With these insights, we develop a system called Augury to perform error detection within a node using three progressively more sophisticated schemes - first, check for thresholds of individual metric values (both lower and upper bounds); next, check that the temporal patterns of the metric values follow the models of normality; and finally, check that the dependencies between metrics are maintained. Also, depending on which metrics are found to cause the deviation from normality, we can localize the fault to the program (application-level metrics) or the infrastructure (system-level or middleware-level metrics).

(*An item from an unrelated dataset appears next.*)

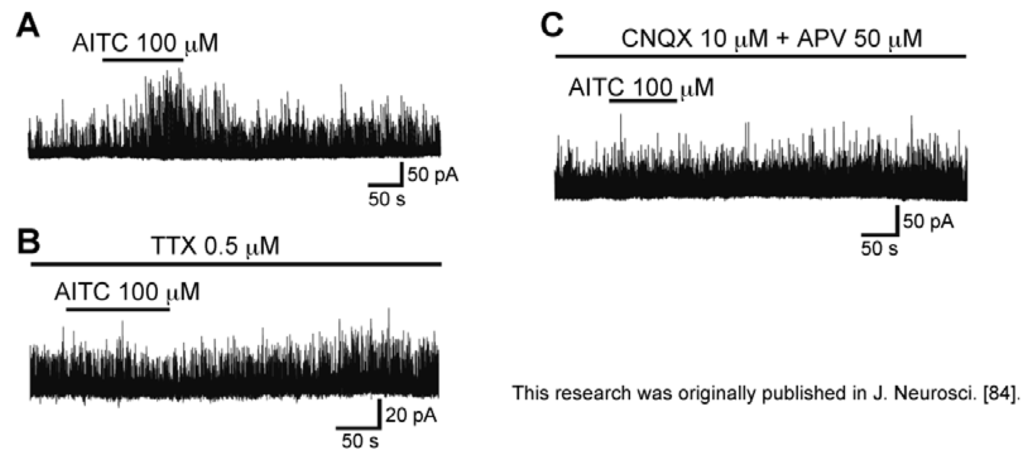 Cells 03 00331 g010 1024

Figure 4. Overview of Augury for detection and prediction of errors in distributed enterprise systems

Failure prediction is only a small add-on to the steps described above for detecting anomalous behavior. Augury keeps a per-metric observation window and uses it to forecast future measurements using a selected ARIMA model. For ARIMA models, it is required to have moderately long series in order to have reliable forecasts; some authors recommend a minimum of 100 observations [6]. To avoid the overhead of computing forecasting models at runtime, Augury uses pre-computed ARIMA models to perform forecasts. The models are selected based on data in the observation window, and which explain best the observed data. The model selection is fast as it only tests a few possible models and each test takes just a few operations. Once a model has been selected, Augury can perform s-step ahead forecasts and perform the error detection using the forecast values, thereby providing prediction. In work with IBM, we have shown [19] how web services that execute on cloud computing infrastructures can make use of such prediction to enable failover and load balancing. In this work, we have used the OSGi framework and built fault-tolerant services in it.

For protecting a distributed enterprise system against multi-stage attacks (MSAs), we have developed a solution called the Distributed Intrusion and Attack Detection System (DIADS) [19,21]. DIADS has a central inferencing engine, which has a model of MSAs as attack graphs. DIADS creates a Bayesian Network (BN) out of an attack graph and observable (or evidence) nodes in the attack graph are mapped from sensor alerts (typical sensors are network-based intrusion detection sensors such as Snort and Bro and host-based intrusion detection sensors such as Tripwire). It receives inputs from the sensors and performs inferencing to determine whether a re-configuration of sensors is needed, i.e., whether any new sensor needs to replace an existing sensor, whether the placement of a sensor should be changed, or whether certain rules within a sensor need to be turned on or off. Thus, the inferencing engine has a two-way communication path with the sensors ¾ obtaining alerts from the sensors and then interacting with the sensors once the inferencing is done. DIADS determines changes that have been made to the protected system by parsing changes to firewall rules at network points as well as at individual hosts and updates the BN accordingly. If on the basis of current evidence, it determines that a critical asset (also synonymously referred to as a “crown jewel”) will imminently be compromised, it determines what further sensors close to the asset should be chosen, or equivalently, what further rules in an already active sensor should be turned on. The determination of critical assets is done by the system owner and thus DIADS takes into account relevant input from the owner.

DIADS can perform incremental operation when the configuration of the protected system changes, say through the addition of new hosts or changes to connectivity between existing hosts. DIADS can also perform incremental inferencing when the attack paths change, either in the probabilities or some paths are deactivated altogether. Our system is being used in an internal cyber test range at Northrop Grumman and for intrusion detection in our NSF center NEEScomm IT infrastructure [23].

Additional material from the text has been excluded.